Anybody’s eligible for ‘issues’

Re “Walk the line” by Sasha Abramsky (SN&R Frontlines, June 26):

It’s unfortunate that Mike Jimenez has learned about the system due to his son’s problems. He is now dealing with issues and the justice system we know all too well.

Rehabilitation? Unheard of. Fairness? Not likely, unless you have plenty of money and can hire adequate legal counsel.

Mike, we are sorry to hear about your son. It proves that “issues” can be had by all—addiction does not discriminate. What you have done for those who want and need a second chance is right on the mark and long past due. We can only hope that the example you set will be a precedent and lead the way for others to follow.

We commend you on your actions, insight and above all, honesty. Many thanks and blessings.

Carol Leonard

prison activist
via e-mail

Karma alert

Re “Walk the line” by Sasha Abramsky (SN&R Frontlines, June 26):

Nice that prison guard union boss Mike Jimenez has at least partly had his eyes opened, now that the blind destructiveness, unfairness and abuses of the system have hit him close to home. Maybe the son’s problems with drugs and law enforcement represent karma coming back to reap what the father has sown? Let’s hope that Gov. Schwarzenegger soon gets a chance to experience his own similar moment of clarity, before California comes to resemble a police state even more than it and the rest of the United States do now.

Starchild
San Francisco

How much green to be green?

Re “Maximum cool” by Sena Christian (SN&R Green House, June 26):

I was curious about Sena Christian’s statement that a “green roof” was “too expensive” for SN&R’s new home. Did you mean that the up-front costs were prohibitive, or that the long-term savings did not justify the expense? If the latter, doesn’t that negate your central premise? If the former, could you discreetly reveal the percent of increase to the renovation project costs to give us an idea of the magnitude of retrofitting a building?

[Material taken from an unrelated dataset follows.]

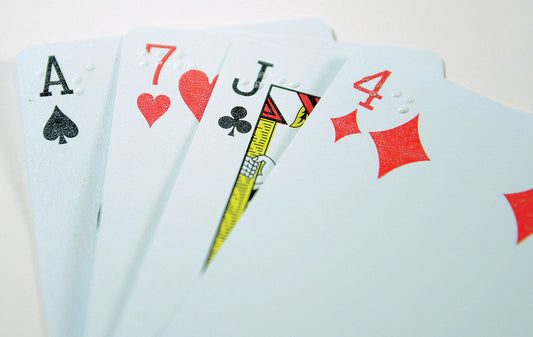 4 cards starting with Ace of spades, 7 of hearts, jack of clubs, and 4 of diamonds, with braille markings over the numbers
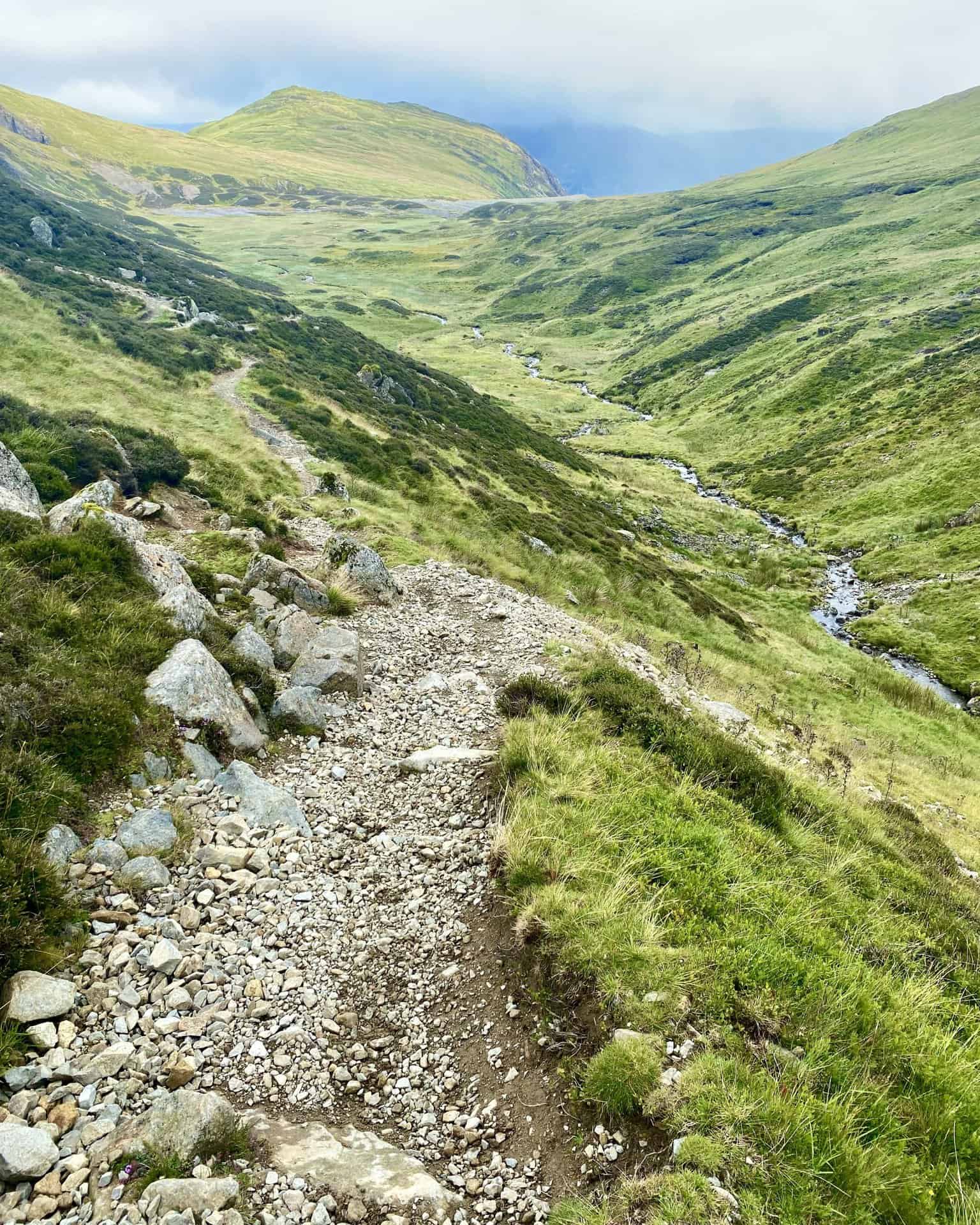 Sticks Gill flowing through the valley, with Sheffield Pike in the background.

Bermed or “underground” houses have been around for quite a while, and they usually prove to leak, though they do save on heating and cooling costs. Seldom discussed is the issue of how much of an eco-waste a building is since it will be “thrown away” in a relatively short time. When was the “new home of SN&R” built, and what is its projected life span?

How about a bit more information about this green investment: When is it expected to be occupied? What is its location? How “green” will it be in operation?

I don’t intend that this “rip you to shreds,” but I hope we can get more information and less rhetoric.

Jack Parsons
Sacramento

Sena Christian replies: Yes, up-front costs for a green roof were prohibitive. The earliest section of the building was built in the 1940s, with parcels added through the 1960s. We expect to occupy the building by February 2009. It’s located at 1124 Del Paso Boulevard. For “more information and less rhetoric” about the process of selecting and refurbishing the new building, please see the Green House columns on www.newsreview.com or visit the green-building Web site SN&R is developing at www.sacgreenbuilding.com.

Classic Josh

Re “Sac after hours” by Josh Fernandez (SN&R Arts&Culture, June 19):

You know how it feels when you read a great line and think, “Man, I wish I’d thought of that”? So it is with Fernandez’s comment, “When she talked, her head moved in jerky circles, like the second hand on a bootlegged Rolex,” from his article on Sac after hours.

That’s a classic.

Ian B. Cornell
via e-mail

Correction

In “Maximum cool” by Sena Christian (SN&R Green House, June 26), we stated that Gen. Ulysses S. Grant was in command of Union troops at Gettysburg. George Meade was the general in charge of the Union army at Gettysburg, not Ulysses S. Grant. At the time of the battle of Gettysburg, Grant was busy with the siege of Vicksburg, Miss.